Demostren que el sistema cardiovascular també està afectat en l'Alzheimer
Myograph system used to measure the properties of the arteries under study. On the screen one can see the mesenteric artery of one of the research animal models.
A research conducted by the UAB demonstrates that mice suffering from Alzheimer's also have substantial malfunctions in small blood vessels, mainly affecting female mice, and find a correlation between the state of arteries and levels of anxious behaviours, both in normal ageing and in those with the disease.

13/03/2018

Researchers from the Institute of Neuroscience of the Universitat Autònoma de Barcelona (INc-UAB) demonstrate for the first time that anxiety and problems with blood vessels present a close relationship with Alzheimer's disease, which particularly affects females.

The study, conducted with mice and published in the Journal of Alzheimer’s Disease, provides new data to an emerging line of research related to this pathology, which broadens the current research focus in neuroscience to include explorations that go beyond the brain and focus on the cardiovascular system.

“Vascular disease resulting from oxidative stress and inflammation is an emerging concept in the study of Alzheimer's disease which is gaining clinical interest, given that subsequent cardiovascular insufficiency can alter the blood flow distribution to different organs and tissues, including the brain, which can worsen a pathology related to this type of dementia” highlights Dr Francesc Jiménez-Altayó, researcher at the Department of Pharmacology, Therapeutics and Toxicology and lead author of the paper.

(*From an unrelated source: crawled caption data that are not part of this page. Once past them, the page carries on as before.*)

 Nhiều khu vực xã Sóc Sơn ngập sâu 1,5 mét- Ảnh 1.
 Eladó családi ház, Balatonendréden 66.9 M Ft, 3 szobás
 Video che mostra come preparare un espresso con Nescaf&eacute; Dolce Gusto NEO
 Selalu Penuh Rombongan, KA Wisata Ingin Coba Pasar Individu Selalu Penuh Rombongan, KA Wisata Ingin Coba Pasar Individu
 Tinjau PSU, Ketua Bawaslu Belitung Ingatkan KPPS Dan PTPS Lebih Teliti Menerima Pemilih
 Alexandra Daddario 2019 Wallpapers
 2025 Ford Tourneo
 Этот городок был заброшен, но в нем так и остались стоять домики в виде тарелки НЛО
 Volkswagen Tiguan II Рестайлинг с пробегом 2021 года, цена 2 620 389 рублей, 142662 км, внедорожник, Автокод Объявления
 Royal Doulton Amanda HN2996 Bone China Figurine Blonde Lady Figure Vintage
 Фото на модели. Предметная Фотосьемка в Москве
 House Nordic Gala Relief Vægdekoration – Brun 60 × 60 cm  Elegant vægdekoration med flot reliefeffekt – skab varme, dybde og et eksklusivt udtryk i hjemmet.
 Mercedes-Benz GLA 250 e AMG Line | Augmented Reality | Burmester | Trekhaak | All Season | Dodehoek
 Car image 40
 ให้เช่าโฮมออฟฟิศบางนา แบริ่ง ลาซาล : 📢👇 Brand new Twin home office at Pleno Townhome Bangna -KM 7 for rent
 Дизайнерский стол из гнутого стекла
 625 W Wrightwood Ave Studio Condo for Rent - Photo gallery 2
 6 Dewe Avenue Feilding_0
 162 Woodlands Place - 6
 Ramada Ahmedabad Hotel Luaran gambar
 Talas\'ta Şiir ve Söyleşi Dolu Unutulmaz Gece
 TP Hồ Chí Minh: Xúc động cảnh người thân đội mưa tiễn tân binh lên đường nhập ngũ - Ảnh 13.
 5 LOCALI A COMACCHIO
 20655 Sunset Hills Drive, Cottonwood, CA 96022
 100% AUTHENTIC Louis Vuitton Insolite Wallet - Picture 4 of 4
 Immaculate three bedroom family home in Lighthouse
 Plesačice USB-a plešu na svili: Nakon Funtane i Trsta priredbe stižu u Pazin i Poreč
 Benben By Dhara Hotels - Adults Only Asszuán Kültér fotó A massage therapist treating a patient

The research, directed by Dr Lydia Giménez-Llort, Director of the Unit of Medical Psychology at the UAB Department of Psychiatry and Forensic Medicine, provides the first evidence that mice of advanced ages suffering from Alzheimer's disease present substantial alterations in small blood vessels, which are essential in nourishing different organs and tissues and in the regulation of blood pressure.
 
“The study specifically demonstrates that the sex of the mice is a determining factor. It is specifically the female mice which show more pronounced vascular alterations, which suggests that women of advanced ages suffering from Alzheimer's disease may suffer more from cardiovascular malfunctions", says Dr Frances Jiménez-Altayó.
 
The characteristics of small arteries were studied under different physiological conditions. Further research revealed that these vascular changes appear in both the vascular structure and function, which suggests an abnormal distribution in peripheral blood flow.
 
Researchers also assess animal behaviour to determine effects at cognitive and emotional level. This allowed them to discover the existence of a strong relation between the vascular parameters analysed - structure, elasticity, function - and different patterns of anxiety in mice models of Alzheimer's, but also in mice ageing normally.
 
“Although we must be cautious with these results, the correlation of behaviours propose the existence of direct or indirect relations between conduct and the function of peripheral arteries. These interactions may be able to explain the anomalies of the neuro-immuno-endocrine system, which regulates the performance of different organs and tissues, which we already described in previous studies using male and female mice in initial and advanced stages of the disease”, emphasises Dr Lydia Giménez-Llort.
 
“In addition, the fact that the study also provides evidence indicating a clear relation between a variety of variables which make up anxious behaviour in animals and properties of peripheral blood vessels is a discovery which contains important implications which surpass the area of research into Alzheimer's disease”, she concludes.
 
Original article:[]F Jiménez-Altayó, J Sánchez-Ventura, E"Crosstalk between Peripheral Small Vessels Properties and Anxious-like Profiles: Sex, Genotype and Interaction Effects in Mice with Normal Aging and 3×Tg-AD mice at Advanced Stages of DiseaseJournal of Alzheimer’s Disease (2018) 00, 1–11. doi: 10.3233/JAD-171019.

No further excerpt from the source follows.